_TRY IT_. Copy out exactly the lines that begin with the one containing "LIP SMACKER Kuromi Mood Change Lip Balm" and continue until the last line of the material.

_TASK MATERIAL_.
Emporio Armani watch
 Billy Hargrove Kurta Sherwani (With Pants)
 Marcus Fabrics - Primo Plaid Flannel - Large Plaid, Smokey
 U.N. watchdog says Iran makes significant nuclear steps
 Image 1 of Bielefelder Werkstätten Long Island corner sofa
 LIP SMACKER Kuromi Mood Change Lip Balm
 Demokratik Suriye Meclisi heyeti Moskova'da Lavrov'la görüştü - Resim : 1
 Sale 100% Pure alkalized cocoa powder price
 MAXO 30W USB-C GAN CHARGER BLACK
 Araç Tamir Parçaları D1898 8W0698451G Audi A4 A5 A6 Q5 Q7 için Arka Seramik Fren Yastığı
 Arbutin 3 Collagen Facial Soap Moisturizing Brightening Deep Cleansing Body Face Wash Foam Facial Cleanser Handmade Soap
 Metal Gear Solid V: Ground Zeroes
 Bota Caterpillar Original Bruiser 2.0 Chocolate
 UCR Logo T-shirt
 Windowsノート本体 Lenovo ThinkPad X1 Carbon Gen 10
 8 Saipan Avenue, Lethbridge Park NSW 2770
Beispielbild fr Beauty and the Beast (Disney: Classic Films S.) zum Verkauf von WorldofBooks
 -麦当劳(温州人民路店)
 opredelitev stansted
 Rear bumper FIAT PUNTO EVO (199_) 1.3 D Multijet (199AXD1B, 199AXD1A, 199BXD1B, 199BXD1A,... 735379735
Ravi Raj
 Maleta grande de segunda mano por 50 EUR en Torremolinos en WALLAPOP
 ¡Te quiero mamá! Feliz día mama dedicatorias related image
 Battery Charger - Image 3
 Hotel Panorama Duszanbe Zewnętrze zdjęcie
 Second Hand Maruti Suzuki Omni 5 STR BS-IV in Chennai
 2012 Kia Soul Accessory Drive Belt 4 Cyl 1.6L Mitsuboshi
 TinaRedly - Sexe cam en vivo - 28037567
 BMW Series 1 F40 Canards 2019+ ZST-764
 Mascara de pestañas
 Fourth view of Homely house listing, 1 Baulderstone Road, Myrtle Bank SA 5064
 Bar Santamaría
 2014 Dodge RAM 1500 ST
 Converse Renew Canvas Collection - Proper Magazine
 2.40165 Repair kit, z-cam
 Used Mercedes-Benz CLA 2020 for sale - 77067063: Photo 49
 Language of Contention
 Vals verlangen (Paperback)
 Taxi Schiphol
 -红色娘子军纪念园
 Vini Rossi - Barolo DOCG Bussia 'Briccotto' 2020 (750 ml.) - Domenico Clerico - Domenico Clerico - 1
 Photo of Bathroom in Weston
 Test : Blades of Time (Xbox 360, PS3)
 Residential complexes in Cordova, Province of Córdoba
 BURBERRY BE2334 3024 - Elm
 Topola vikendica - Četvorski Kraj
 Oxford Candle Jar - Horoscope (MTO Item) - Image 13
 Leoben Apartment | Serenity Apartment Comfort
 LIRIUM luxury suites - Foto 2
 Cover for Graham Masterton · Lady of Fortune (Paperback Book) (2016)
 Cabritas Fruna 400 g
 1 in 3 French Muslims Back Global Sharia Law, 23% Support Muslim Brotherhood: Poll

_TASK OUTPUT_.
 LIP SMACKER Kuromi Mood Change Lip Balm
 Demokratik Suriye Meclisi heyeti Moskova'da Lavrov'la görüştü - Resim : 1
 Sale 100% Pure alkalized cocoa powder price
 MAXO 30W USB-C GAN CHARGER BLACK
 Araç Tamir Parçaları D1898 8W0698451G Audi A4 A5 A6 Q5 Q7 için Arka Seramik Fren Yastığı
 Arbutin 3 Collagen Facial Soap Moisturizing Brightening Deep Cleansing Body Face Wash Foam Facial Cleanser Handmade Soap
 Metal Gear Solid V: Ground Zeroes
 Bota Caterpillar Original Bruiser 2.0 Chocolate
 UCR Logo T-shirt
 Windowsノート本体 Lenovo ThinkPad X1 Carbon Gen 10
 8 Saipan Avenue, Lethbridge Park NSW 2770
Beispielbild fr Beauty and the Beast (Disney: Classic Films S.) zum Verkauf von WorldofBooks
 -麦当劳(温州人民路店)
 opredelitev stansted
 Rear bumper FIAT PUNTO EVO (199_) 1.3 D Multijet (199AXD1B, 199AXD1A, 199BXD1B, 199BXD1A,... 735379735
Ravi Raj
 Maleta grande de segunda mano por 50 EUR en Torremolinos en WALLAPOP
 ¡Te quiero mamá! Feliz día mama dedicatorias related image
 Battery Charger - Image 3
 Hotel Panorama Duszanbe Zewnętrze zdjęcie
 Second Hand Maruti Suzuki Omni 5 STR BS-IV in Chennai
 2012 Kia Soul Accessory Drive Belt 4 Cyl 1.6L Mitsuboshi
 TinaRedly - Sexe cam en vivo - 28037567
 BMW Series 1 F40 Canards 2019+ ZST-764
 Mascara de pestañas
 Fourth view of Homely house listing, 1 Baulderstone Road, Myrtle Bank SA 5064
 Bar Santamaría
 2014 Dodge RAM 1500 ST
 Converse Renew Canvas Collection - Proper Magazine
 2.40165 Repair kit, z-cam
 Used Mercedes-Benz CLA 2020 for sale - 77067063: Photo 49
 Language of Contention
 Vals verlangen (Paperback)
 Taxi Schiphol
 -红色娘子军纪念园
 Vini Rossi - Barolo DOCG Bussia 'Briccotto' 2020 (750 ml.) - Domenico Clerico - Domenico Clerico - 1
 Photo of Bathroom in Weston
 Test : Blades of Time (Xbox 360, PS3)
 Residential complexes in Cordova, Province of Córdoba
 BURBERRY BE2334 3024 - Elm
 Topola vikendica - Četvorski Kraj
 Oxford Candle Jar - Horoscope (MTO Item) - Image 13
 Leoben Apartment | Serenity Apartment Comfort
 LIRIUM luxury suites - Foto 2
 Cover for Graham Masterton · Lady of Fortune (Paperback Book) (2016)
 Cabritas Fruna 400 g
 1 in 3 French Muslims Back Global Sharia Law, 23% Support Muslim Brotherhood: Poll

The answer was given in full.